The Everyday GT3

There is something so brutally functional about a car that doesn’t try hard to win people over. I’m sure you know what I mean. But at the same time, I feel that many contemporary sport cars are unnecessarily over the top for the sheer sake of it.

Take the Porsche 991 GT3 for example, which is unquestionably the modern day go-to choice for track car aficionados and for those that lust after the thrill of driving. In isolation, the 991 is the perfect supercar; it packs an almighty punch, follows the 911 lineage beautifully, and as of now is even offered with a manual gearbox.

Put it next to a 997.1 GT3 however, and things change.


By comparison, the 991 looks overly big and wide, almost to the point of being cumbersome. But I suppose that’s the thing with the evolution of cars, they grow, get laden with the latest equipment, and before you know it they’ve swelled in size and weight and are a different machine altogether.
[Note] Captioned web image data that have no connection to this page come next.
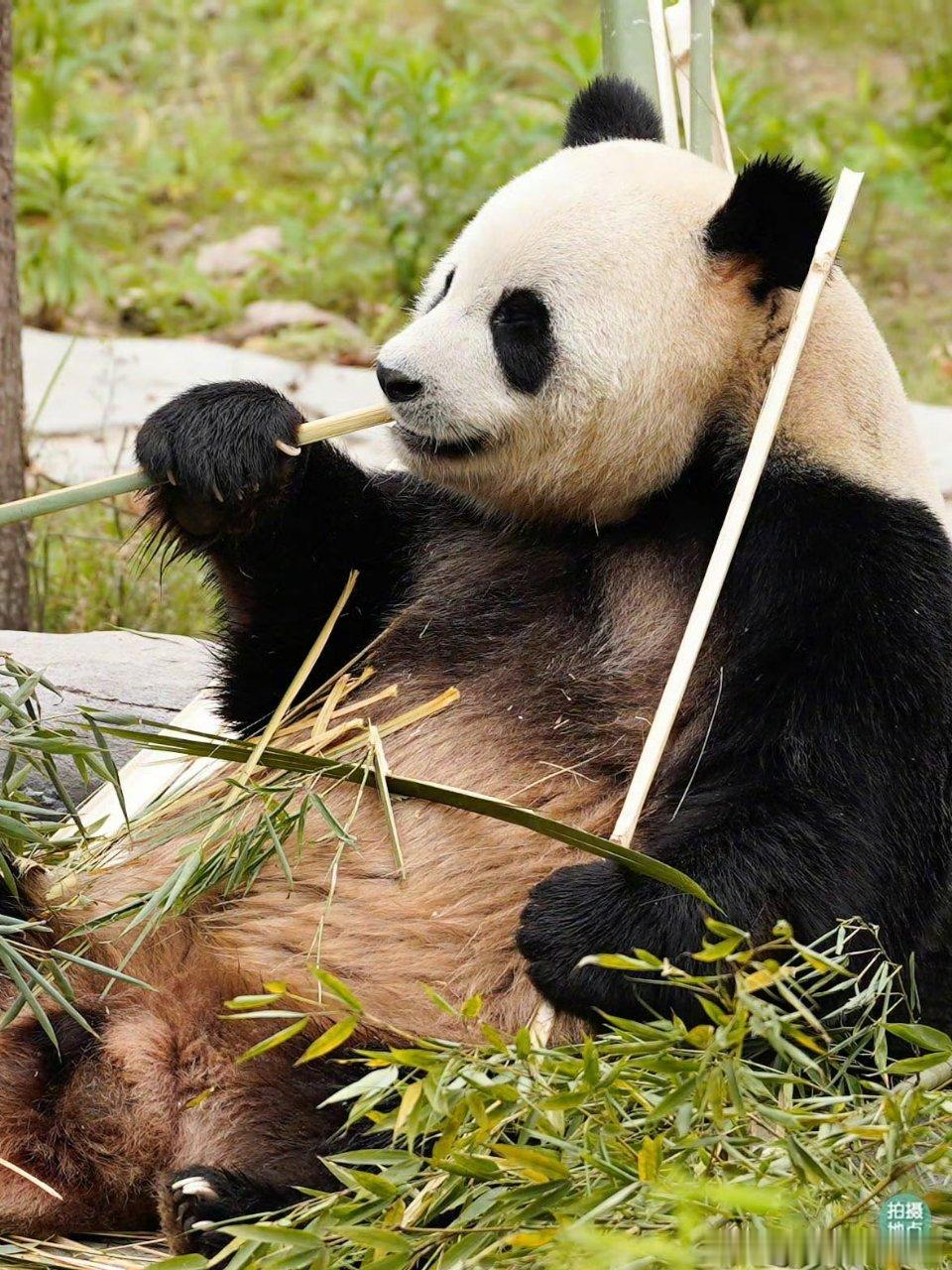 熊猫守护者 看熊猫独自安坐啃竹子忽然释怀，不用刻意倾诉，不用炫耀讨好，像小家伙一
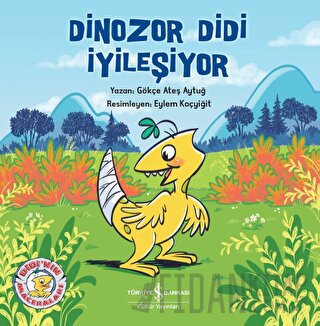 Dinozor Didi İyileşiyor Gökçe Ateş Aytuğ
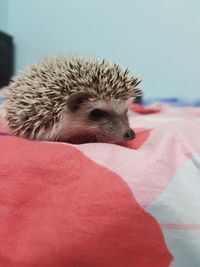 Close-up of hedgehog on bed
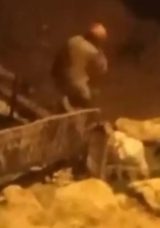 Sosyal Medyada Paylaşılan G&ouml;r&uuml;nt&uuml;ler &Ccedil;ok Konuşuldu: Canı Adam K&ouml;peği D&ouml;verek &Ouml;ld&uuml;rd&uuml;!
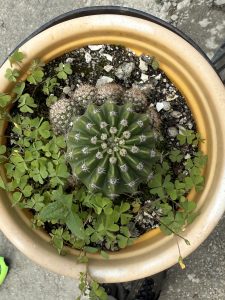 Top view of a potted cactus surrounded by small green clovers. The cactus has a radial pattern, sitting in a yellow-rimmed pot on a concrete surface.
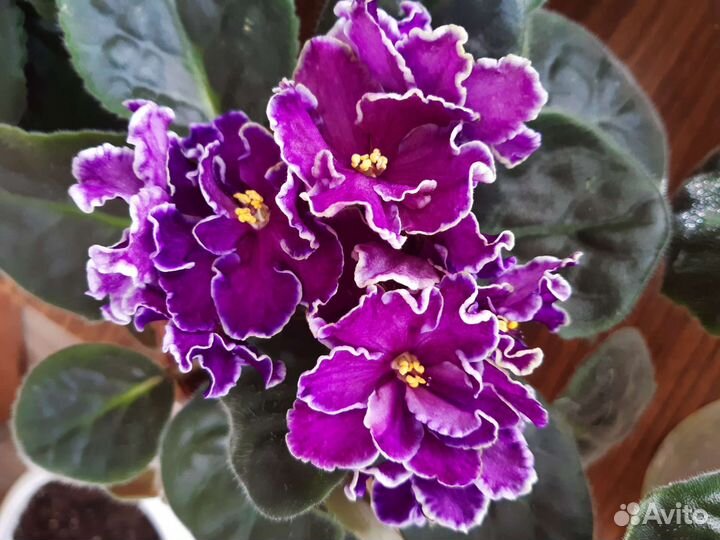 Фиалка (укорененные листочки)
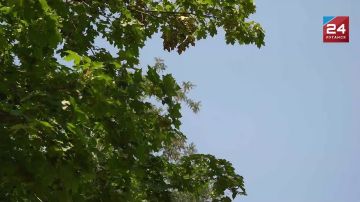Перекус в школу: что положить ребенку в ланч-бокс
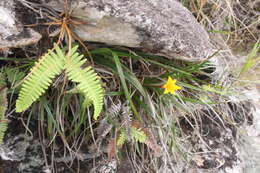 Image of Barbacenia glabra Goethart & Henrard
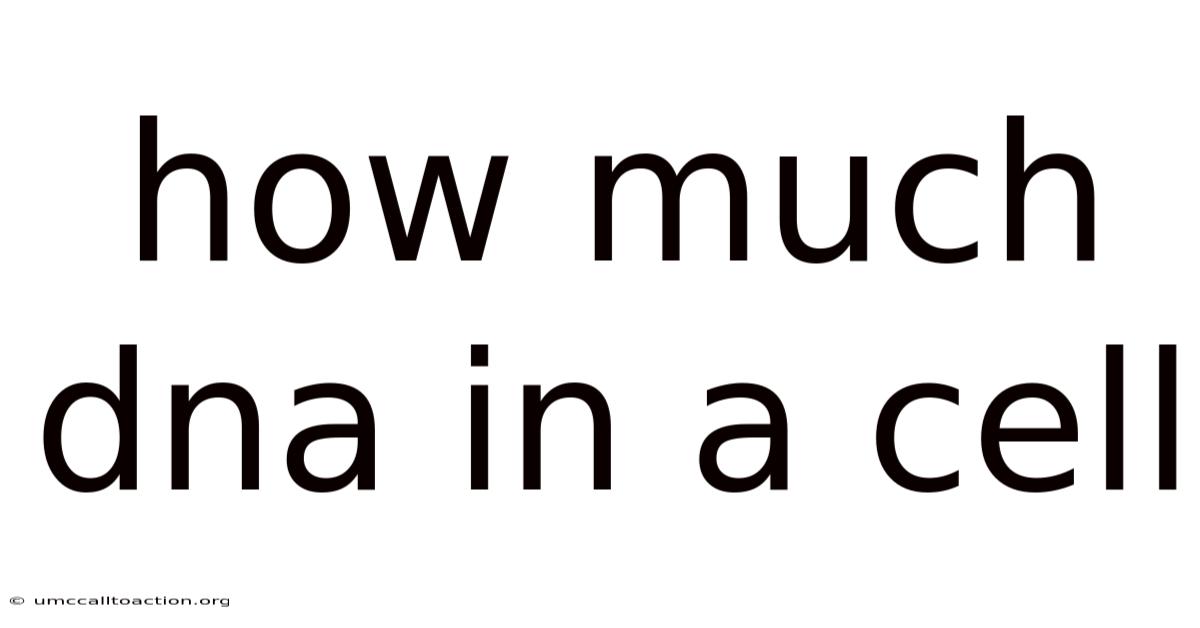 How Much Dna In A Cell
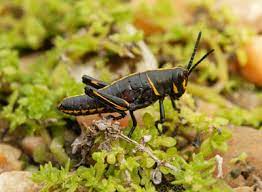 Jovonn hill shares his knowledge of eastern lubber grasshoppers in the beautiful longleaf pine savannah in thomasville, ga! Eastern Lubber Grasshoppers Gardening Solutions University Of Florida Institute Of Food And Agricultural Sciences
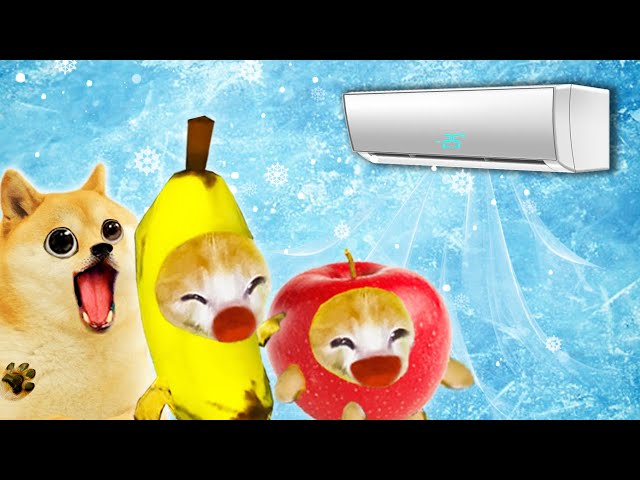 Air Conditioner Madness: Banana Cat's Frosty Fiasco! 🐱 Baby Banana Cat Compilation | Cat MEME 😿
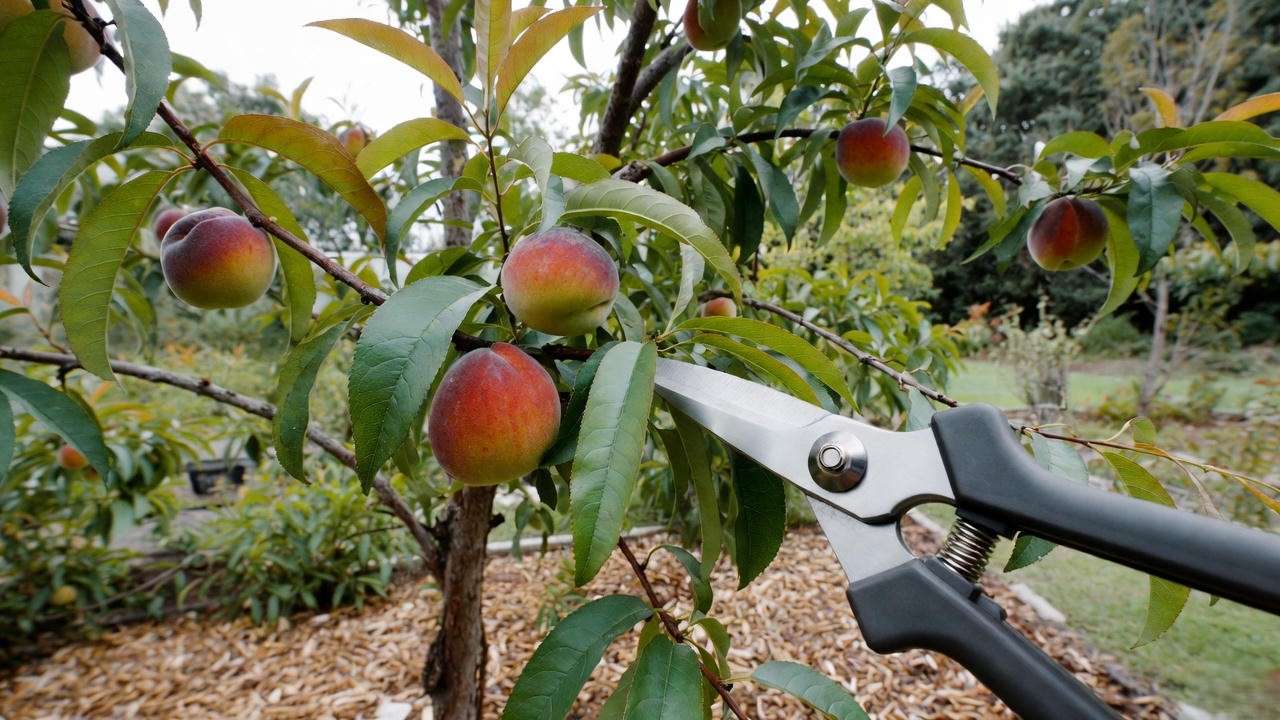 "Close-up of pruning a Redhaven peach tree branch with shears and mulch"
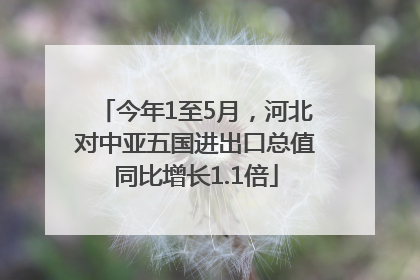 今年1至5月，河北对中亚五国进出口总值同比增长1.1倍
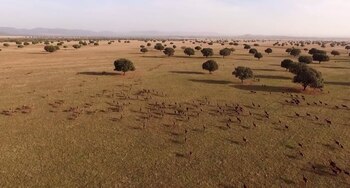 La Raña de Santiago, en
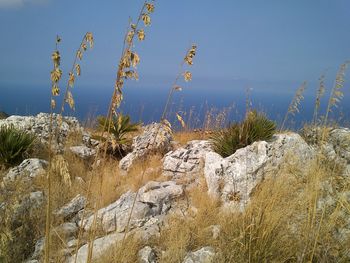 Scenic view of landscape against clear sky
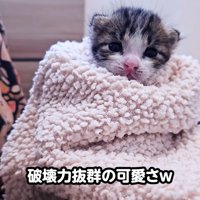 毛布にくるまる子猫
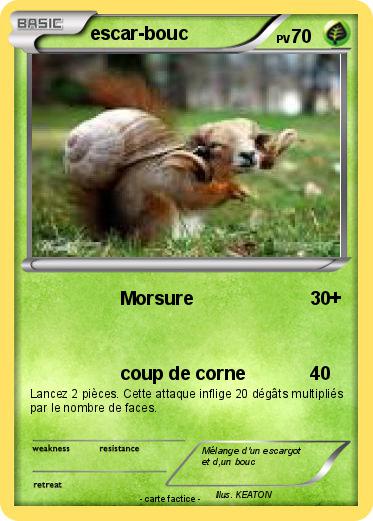 Pokemon escar-bouc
It seems somewhat counterproductive if you ask me, but that’s the way the game is played; competition between manufacturers grows fiercer and no one wants to be left behind.

When Luke Huxham of Huxham Creative Studio – a guy you may know as the creative mind behind some of the coolest automotive videos to come out of Japan in recent time – decided he needed a GT3 in his life, I was happy to hear he went for a 997.1.


The model may be 10 years old now, but it came at the end of an era where fast cars were still somewhat raw and mechanical, and in the case of the GT3, smaller, lighter and narrower. The 997 was the perfect fit for Luke, fun on the right roads, yet still able to be used as a daily driver negotiating the ridiculously tight streets of Tokyo.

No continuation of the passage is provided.